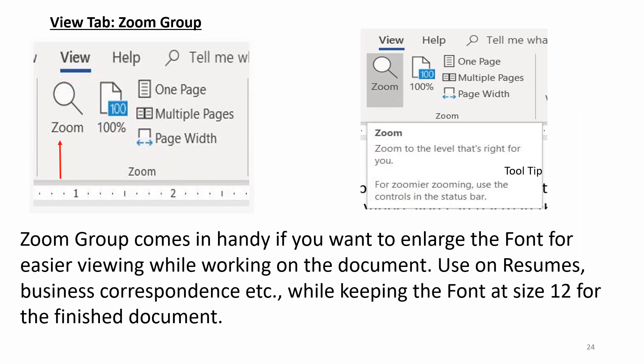View tab. Zoom group. Zoom group comes in hand if you want to enlarge the font for easier viewing while working on the document. Use on resumes, business correspondence, etc. while keeping the font at size 12 for the finished document.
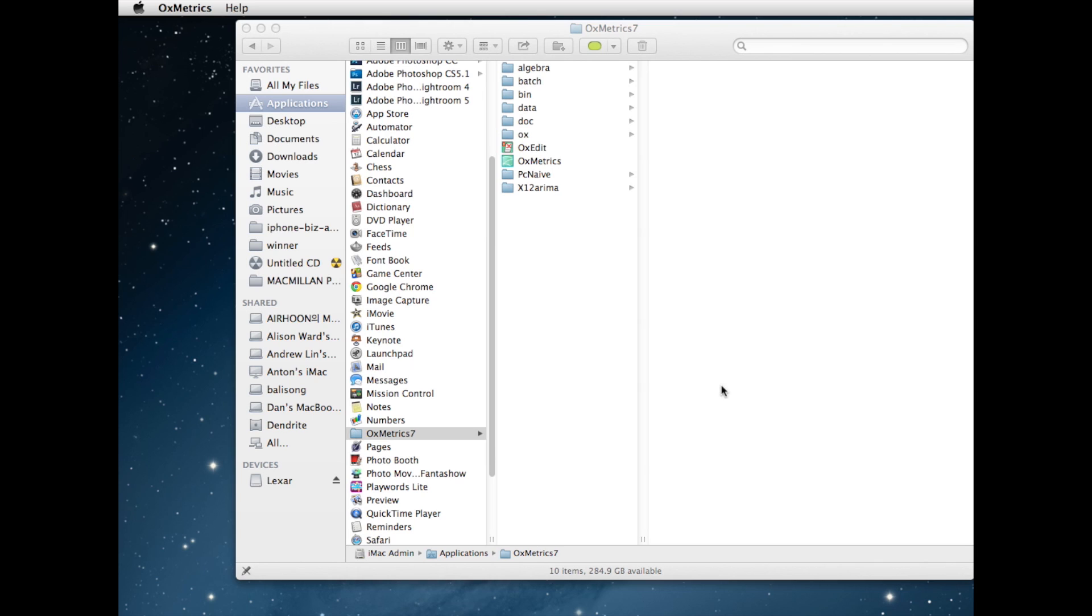I'm going to talk about OxMetrics 7 software. I'm sitting behind a Mac at the moment. OxMetrics runs under OS X, Windows, and Linux. There are some small differences between the different operating systems, but once it's started it doesn't really make much difference which platform you use.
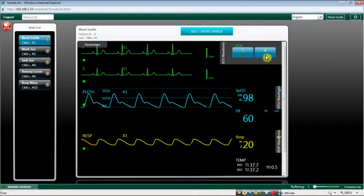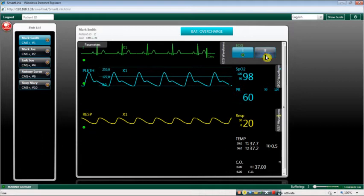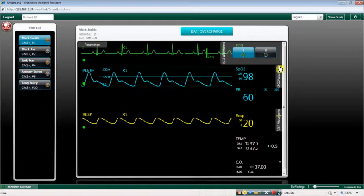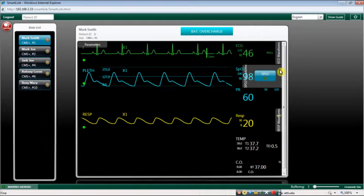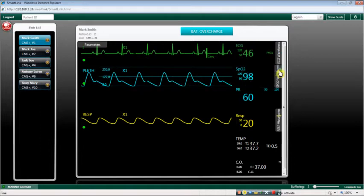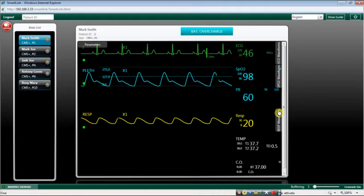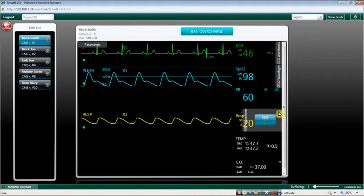Different monitors can have different waveforms sets. A currently displayed waveform corresponds to a blue enhanced button, while a grey button indicates an available but not currently displayed waveform. Click on a waveform button to select or deselect the corresponding waveform.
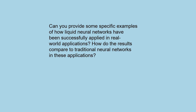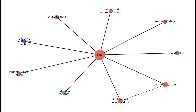Can you provide some specific examples of how liquid neural networks have been successfully applied in real-world applications? Liquid neural networks are inspired by the nervous system of a microscopic worm called C. elegans, which has only 302 neurons but can generate complex behaviors. LNNs are designed to process data sequentially, adapt to changing data in real time, and handle variable-length inputs. Unlike conventional neural networks, which have fixed weights and activation functions, LNNs have adaptive weights and activation functions that change according to the input data. This allows them to learn from sequential data without forgetting previous information or overfitting to specific patterns.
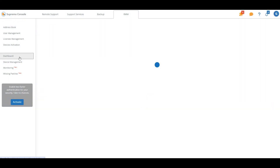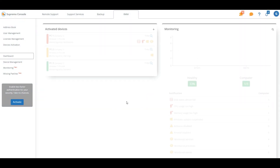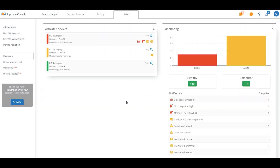In the IMM dashboard it is possible to check the health status of your infrastructure or that of your customers in real time. In the list of activated devices, visual indicators give immediate evidence of healthy machines and of those with performance or security problems.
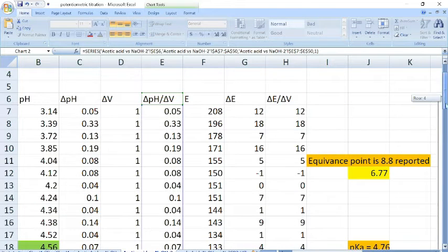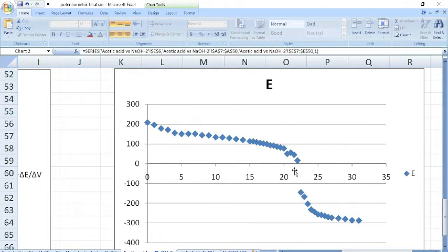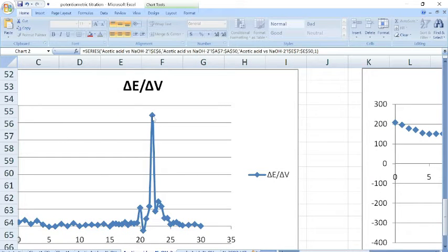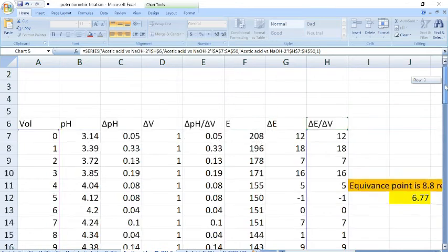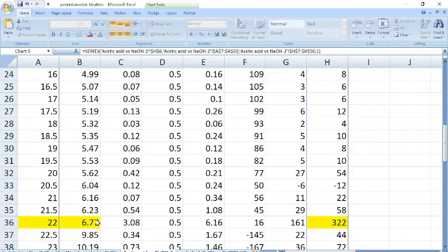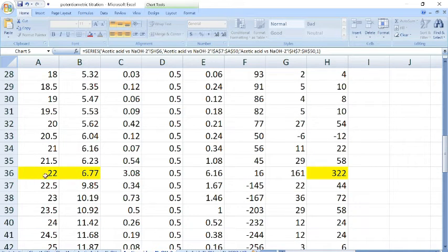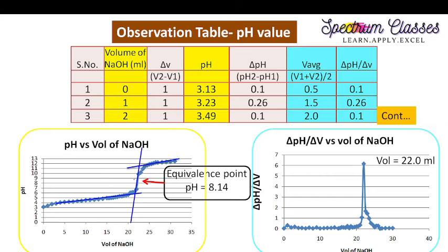I also draw the graph of potential versus volume of NaOH. This graph crosses between negative and positive values, passing through the mean axis. From the derivative of the potential graph, we can identify the inflection point. At the same point — 22 ml — we get the inflection point from both graphs. The equivalence point is therefore at 22 ml, with a pH value of approximately 6.77.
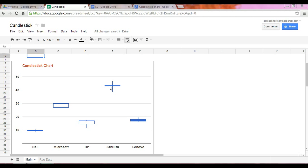Now within this candle itself, the bottom portion of it represents the opening price, and the top represents the closing price in the sense that when this box is filled in, this represents a gain because you see that the close price is higher than the opening price.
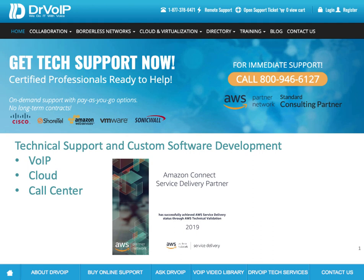Hey, Peter Buswell here from DrVOIP.com. Technical support, custom software development, voice over IP, cloud and call center, and we are a certified Amazon Connect service delivery partner.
- - - - - - -
*TASK PROMPT:* Please print the span that begins at the line holding "I also draw" and ends at the last line of the data, both ends included, with no pictures.

*EXERCISE RESPONSE:*
I also draw the graph of potential versus volume of NaOH. This graph crosses between negative and positive values, passing through the mean axis. From the derivative of the potential graph, we can identify the inflection point. At the same point — 22 ml — we get the inflection point from both graphs. The equivalence point is therefore at 22 ml, with a pH value of approximately 6.77.
Now within this candle itself, the bottom portion of it represents the opening price, and the top represents the closing price in the sense that when this box is filled in, this represents a gain because you see that the close price is higher than the opening price.
Hey, Peter Buswell here from DrVOIP.com. Technical support, custom software development, voice over IP, cloud and call center, and we are a certified Amazon Connect service delivery partner.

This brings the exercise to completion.